Mechanism of Unexpected In-Trans Post-PKS Polyketide Reduction in Cochliodone Biosynthesis

Cochliodone A, a dimeric azaphilone-type compound, is the major product and one of many natural products produced by Chaetomium globosum, a filamentous fungus. Cochliodone A exerts antimalarial and antimycobacterial activities in addition to being cytotoxic against KB, BC1, and NCI-H187 human cancer cell lines.

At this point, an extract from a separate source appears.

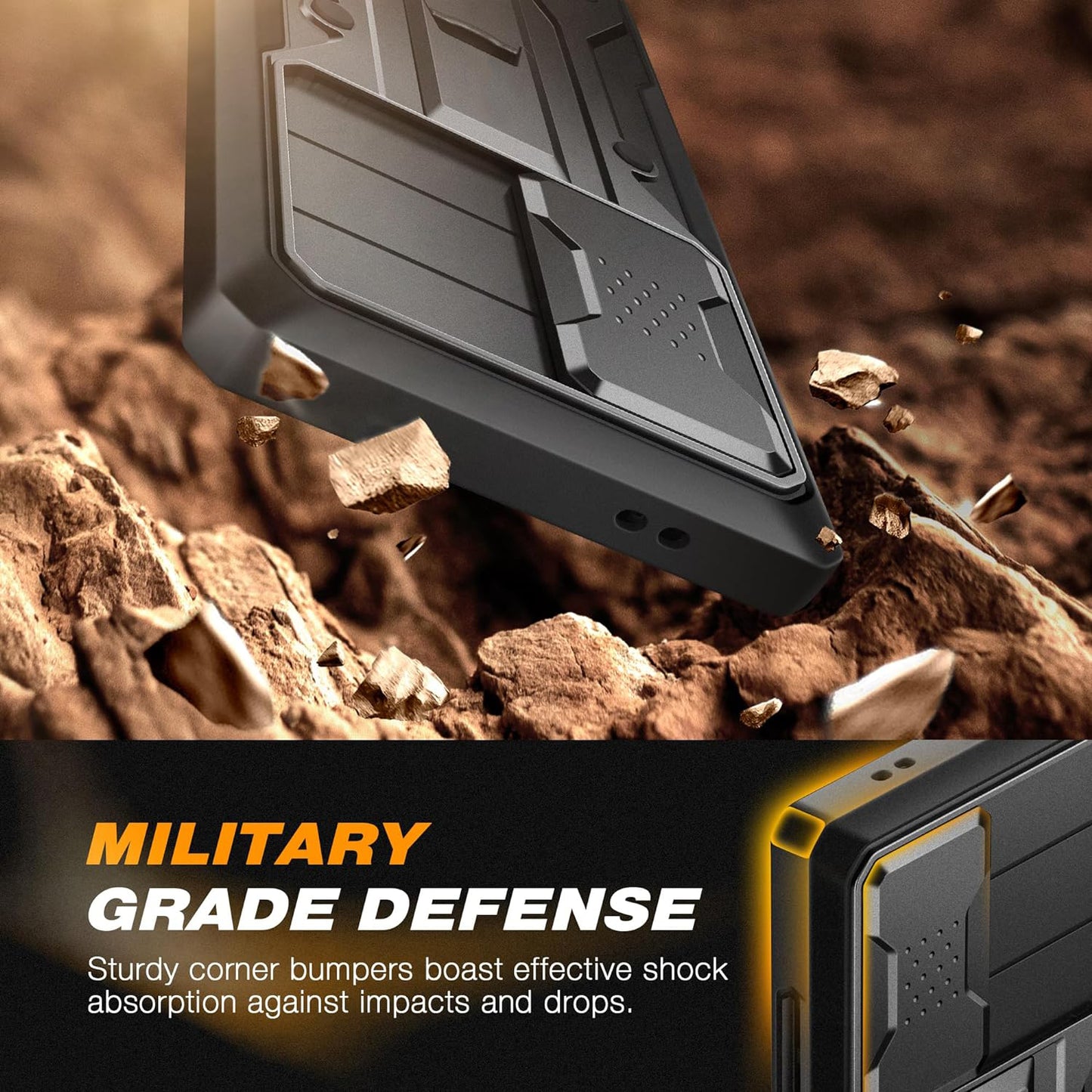 Samsung Galaxy S24 Ultra Case. [Bulit-in Screen Protector & Slide Camera Cover] [2 Front Frame] Military Grade Shockproof Phone Case with Kickstand & Belt-Clip 6.8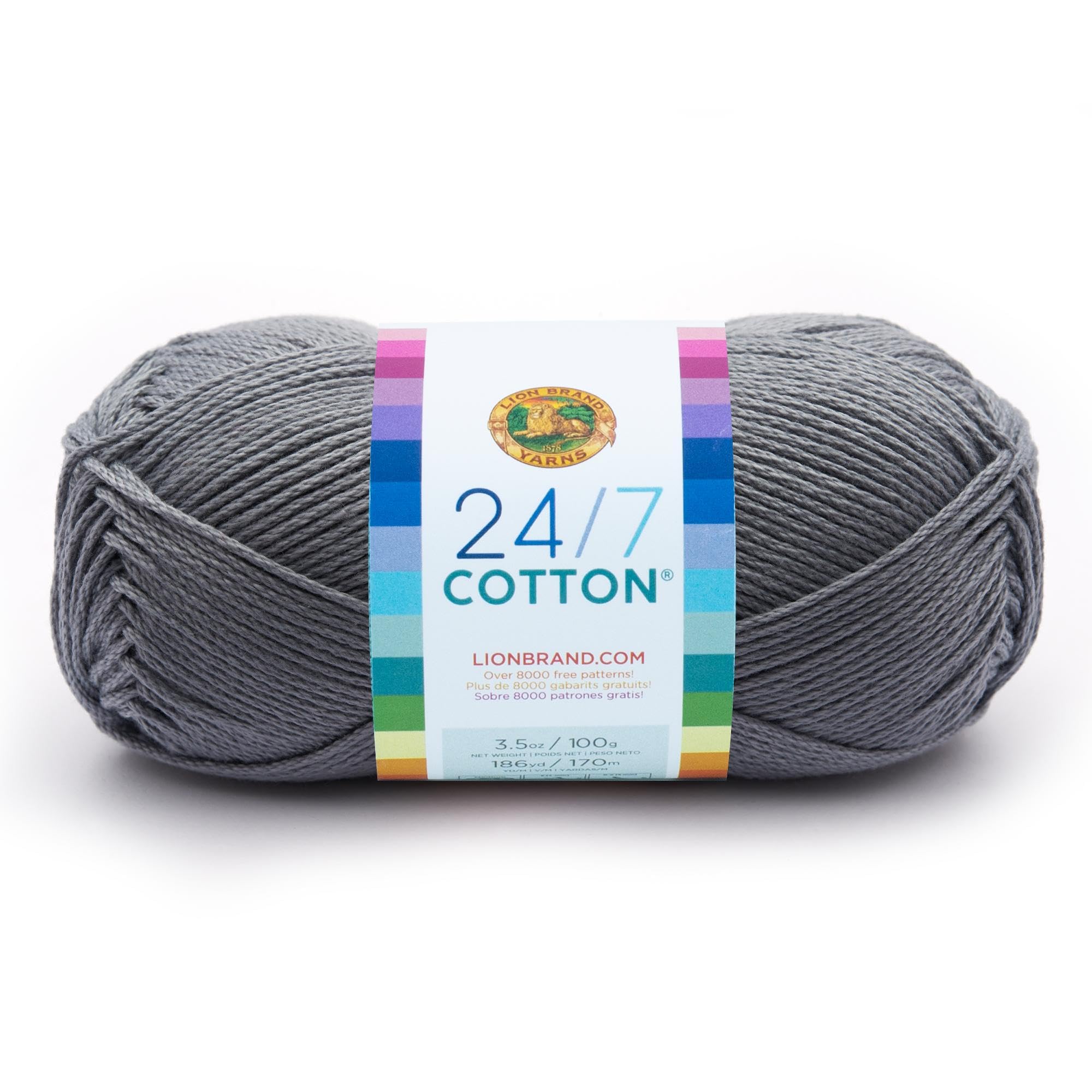 Lion Brand Yarn Company Cotton Yarn, 100 Percent Cotton, Silver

The potential of cochliodone A and its analogues as effective therapeutics against cancer, tuberculosis, and malaria, together with its complex dimeric chemical structure, are reasons enough for continued investigation. Here, sequence analyses of the open reading frames found in the previously identified cochliodone A biosynthetic gene cluster, together with a series of gene-knockout experiments, heterologous in vivo production of pathway intermediates in Aspergillus nidulans and in vitro assays of key enzymes allowed us to propose a biosynthetic pathway and detailed mechanisms leading to the production of cochliodones. In addition, we identified that the elimination of the dimerizing multicopper oxidase CcdJ from the ccd pathway led to pathway crosstalk between the ccd pathway and an unrelated benzaldehyde-producing biosynthetic pathway formation to generate new secondary metabolites. Most interestingly, however, through the in vitro study, we established that the sequential actions of an acetyltransferase, an acetate lyase, and an enoyl reductase achieve a full reduction of the unsaturated backbone of the polyketide (PKs) product generated by the nonreducing polyketide synthase (PKS) CcdL. This alternative mode of reducing a polyketomethylene chain could be engineered further to develop a facile chemoenzymatic modification of the polyketide backbone saturation level postpolyketide synthesis in trans.